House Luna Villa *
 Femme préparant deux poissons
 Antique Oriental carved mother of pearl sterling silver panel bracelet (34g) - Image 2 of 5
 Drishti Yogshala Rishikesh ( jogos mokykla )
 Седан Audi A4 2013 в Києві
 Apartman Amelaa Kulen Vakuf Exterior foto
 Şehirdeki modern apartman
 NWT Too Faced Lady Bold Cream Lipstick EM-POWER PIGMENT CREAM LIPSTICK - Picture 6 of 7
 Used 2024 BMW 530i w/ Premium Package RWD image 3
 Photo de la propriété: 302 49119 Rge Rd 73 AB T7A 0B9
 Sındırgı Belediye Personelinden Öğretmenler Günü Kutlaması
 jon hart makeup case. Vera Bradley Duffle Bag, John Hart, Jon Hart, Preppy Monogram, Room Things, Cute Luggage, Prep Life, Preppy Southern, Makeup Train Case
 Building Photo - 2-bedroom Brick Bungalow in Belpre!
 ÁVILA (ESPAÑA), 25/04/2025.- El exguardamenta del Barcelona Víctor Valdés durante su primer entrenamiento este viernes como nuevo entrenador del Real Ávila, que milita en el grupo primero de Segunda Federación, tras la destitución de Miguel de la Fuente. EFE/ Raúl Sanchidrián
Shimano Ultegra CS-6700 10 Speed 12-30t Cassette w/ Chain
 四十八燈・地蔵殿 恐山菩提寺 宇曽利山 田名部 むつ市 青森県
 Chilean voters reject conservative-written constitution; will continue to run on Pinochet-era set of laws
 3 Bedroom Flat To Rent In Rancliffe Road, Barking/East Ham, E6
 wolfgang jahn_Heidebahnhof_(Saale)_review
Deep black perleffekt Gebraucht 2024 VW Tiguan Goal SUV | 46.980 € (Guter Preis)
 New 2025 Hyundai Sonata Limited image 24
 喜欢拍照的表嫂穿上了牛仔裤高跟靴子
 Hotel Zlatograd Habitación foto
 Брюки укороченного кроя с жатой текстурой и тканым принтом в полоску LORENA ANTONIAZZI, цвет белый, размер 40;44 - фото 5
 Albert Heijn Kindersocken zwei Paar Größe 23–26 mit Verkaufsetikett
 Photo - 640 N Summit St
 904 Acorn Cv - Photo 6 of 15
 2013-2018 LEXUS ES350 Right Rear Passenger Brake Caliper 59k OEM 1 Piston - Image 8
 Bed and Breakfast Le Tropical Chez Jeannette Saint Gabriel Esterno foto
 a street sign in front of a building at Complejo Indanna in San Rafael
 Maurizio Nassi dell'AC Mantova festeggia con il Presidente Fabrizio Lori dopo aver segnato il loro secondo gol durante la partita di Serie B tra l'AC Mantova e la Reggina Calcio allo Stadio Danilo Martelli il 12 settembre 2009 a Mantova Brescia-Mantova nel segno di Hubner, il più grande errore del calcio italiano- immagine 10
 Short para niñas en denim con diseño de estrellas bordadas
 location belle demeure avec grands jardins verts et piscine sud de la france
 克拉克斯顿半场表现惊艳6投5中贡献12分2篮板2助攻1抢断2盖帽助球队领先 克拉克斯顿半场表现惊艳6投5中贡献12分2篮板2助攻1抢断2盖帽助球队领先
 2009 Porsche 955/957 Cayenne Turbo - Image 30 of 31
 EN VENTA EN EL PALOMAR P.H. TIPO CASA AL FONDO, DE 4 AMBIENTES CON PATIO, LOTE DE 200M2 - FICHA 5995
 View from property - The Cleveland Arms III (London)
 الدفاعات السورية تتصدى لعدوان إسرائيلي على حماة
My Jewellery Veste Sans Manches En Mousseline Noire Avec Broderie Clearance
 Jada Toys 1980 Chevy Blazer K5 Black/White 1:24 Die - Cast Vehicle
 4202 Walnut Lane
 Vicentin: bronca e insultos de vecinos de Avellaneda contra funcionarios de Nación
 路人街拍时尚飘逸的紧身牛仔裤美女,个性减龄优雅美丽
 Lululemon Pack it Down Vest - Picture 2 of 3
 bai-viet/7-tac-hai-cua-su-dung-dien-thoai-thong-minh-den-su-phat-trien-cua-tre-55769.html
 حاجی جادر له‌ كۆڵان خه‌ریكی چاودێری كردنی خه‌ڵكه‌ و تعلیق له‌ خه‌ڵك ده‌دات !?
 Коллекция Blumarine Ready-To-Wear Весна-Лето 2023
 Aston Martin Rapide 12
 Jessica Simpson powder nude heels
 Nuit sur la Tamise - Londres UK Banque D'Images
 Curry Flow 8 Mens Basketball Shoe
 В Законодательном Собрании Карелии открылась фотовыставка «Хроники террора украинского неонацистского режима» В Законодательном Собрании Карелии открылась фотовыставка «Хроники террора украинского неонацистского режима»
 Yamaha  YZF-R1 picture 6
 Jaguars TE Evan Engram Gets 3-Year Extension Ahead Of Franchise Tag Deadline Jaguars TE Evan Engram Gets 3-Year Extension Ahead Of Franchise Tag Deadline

::::::::

Reproduce exactly, and with no other material, the lines between those holding "wolfgang jahn_Heidebahnhof_(Saale)_review" and "Hotel Zlatograd Habitación foto", inclusive.

 wolfgang jahn_Heidebahnhof_(Saale)_review
Deep black perleffekt Gebraucht 2024 VW Tiguan Goal SUV | 46.980 € (Guter Preis)
 New 2025 Hyundai Sonata Limited image 24
 喜欢拍照的表嫂穿上了牛仔裤高跟靴子
 Hotel Zlatograd Habitación foto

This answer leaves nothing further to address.